Pengabdian Mahasiswa UNP di Koto Pulai Berakhir, Mitigasi Bencana Diperkuat

  • 01 Mar 2026 00:13 WIB
  •  Padang

RRI.CO.ID, Padang – Himpunan Mahasiswa Departemen (HMD) Biologi FMIPA Universitas Negeri Padang (UNP) telah melakukan pengabdian masyarakat setempat di Koto Pulai, Kecamatan Koto Tangah, Kota Padang. Satu bulan penuh berada di Koto Pulai, seluruh mahasiswa meninggalkan lokasi bencana tersebut, Sabtu, 28 Februari 2026.

Program pengabdian masyarakat bertajuk"Pemulihan Pascabencana Berbasis Kebiasaan Bencana dan Inovasi Biologi. "Kolaborasi antara Pemko Padang, UNP, dan masyarakat adalah kekuatan utama dalam memastikan Koto Pulai tidak hanya pulih, tapi juga lebih tangguh menghadapi tantangan di masa depan," ujar Staf Ahli Pemko Padang, Syahrial Kamat saat menutup pengabdian masyarakat di Masjid Al-Munawwarah.

Syahrial menegaskan, berakhirnya program itu diharapkan Kelurahan Koto Pulai dapat menjadi model bagi daerah lain dalam memadukan inovasi akademik dengan kearifan lokal untuk mitigasi bencana. Program yang diinisiasi UNP diharapkan juga dapat membangkitkan kembali semangat dan ketangguhan warga pascabencana melalui pendekatan ilmiah dan pemberdayaan lokal.

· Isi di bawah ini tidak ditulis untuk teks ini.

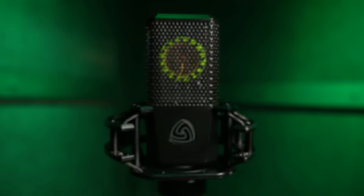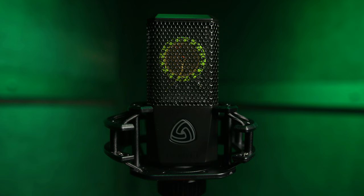So this is the LCT440 Pure. And I love that 'pure' part because it pretty much describes what this microphone is all about. When we developed this microphone, it was the idea to build a microphone that has kind of the essence of a studio microphone — that pure sound. It was really the idea of putting all the high-end mic technology into a smaller, more accessible kind of product.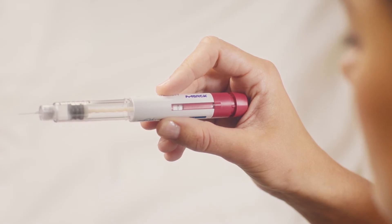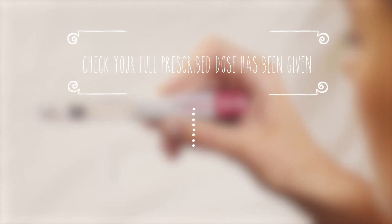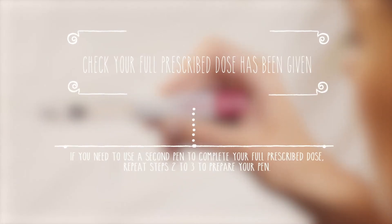Sometimes the display may show a number higher than zero. This means the pen has run out of solution and the full prescribed dose hasn't been given. The number shown is the missing amount that you'll then have to inject using a new pre-filled pen. If that happens, prepare a new pen like I've just shown you and set the dose to the exact number displayed on the dose window of the empty pen, and then do a new injection.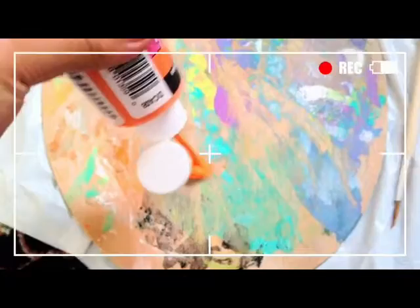Then I laid the template over the pillow and I taped it down with masking tape. So then I took the orange paint, poured it on my paint palette, and I started filling in the bottom half of the pineapple.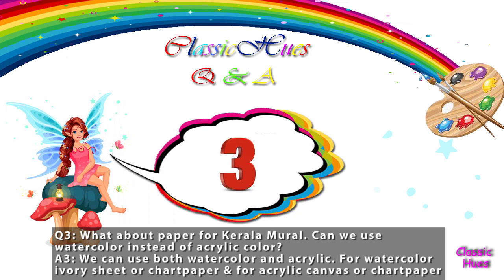Question number 3: What about paper for Kerala Mural? Can we use watercolor instead of acrylic color? Acrylic color can be used in multiple layers. Watercolor needs to be set up properly. We can use ivory sheets, chalk paper, and concrete sheets.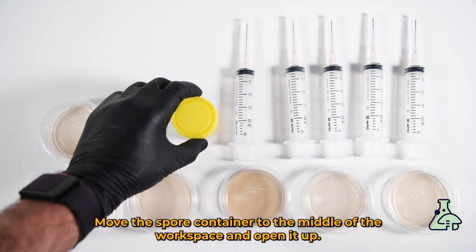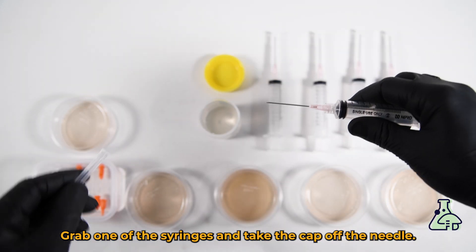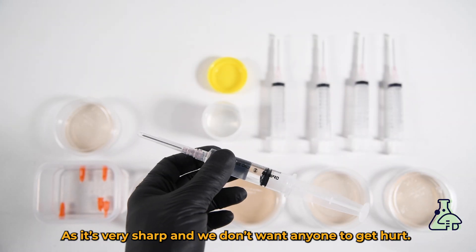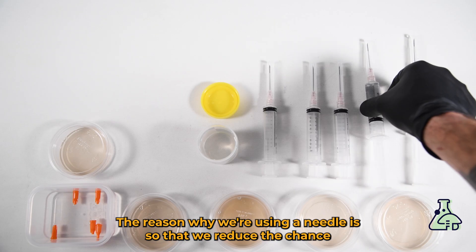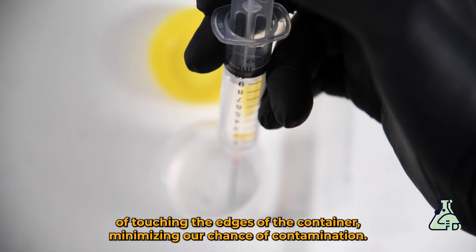Move the spore container to the middle of the workspace and open it up, putting the back of the lid facing down. Grab one of the syringes, take the cap off the needle, and pull the liquid up into the syringe to the 10ml mark. Put the lid back on the needle as it's very sharp. Do the same thing with the other four syringes. The reason we're using a needle is to reduce the chance of touching the edges of the container, minimizing our chance of contamination.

Selama masa pelaksanaan yang dimulai sejak 28 Januari 2026, mahasiswa di bawah bimbingan dosen pembimbing Sandi Francisco Pratama, Rijal Satria, dan Fitri Olivia Rahmi, memberikan berbagai materi edukasi strategis kepada masyarakat. Warga diajak memahami kaitan antara kelestarian alam dengan pencegahan bencana.

Kemudian memetakan potensi bahaya dan langkah mitigasi mandiri. Kemudian menjadikan kewaspadaan sebagai bagian dari gaya hidup masyarakat sehari-hari.

Program ini mengedepankan Inovasi Biologi sebagai instrumen pemulihan. Inovasi ini diimplementasikan melalui pemberdayaan ibu-ibu TP PKK dan remaja masjid di Kelurahan Koto Pulai.

“Program ini membuktikan sinergi antara akademisi, Pemko dan masyarakat adalah kunci utama dalam pemulihan pascabencana yang efektif. Melalui keterlibatan aktif remaja masjid, diharapkan estafet kepedulian lingkungan terus berlanjut bahkan setelah program ini berakhir,” ujarnya.

google-preference

Rekomendasi Berita

Berita Terbaru Lainnya

Memuat berita terbaru.....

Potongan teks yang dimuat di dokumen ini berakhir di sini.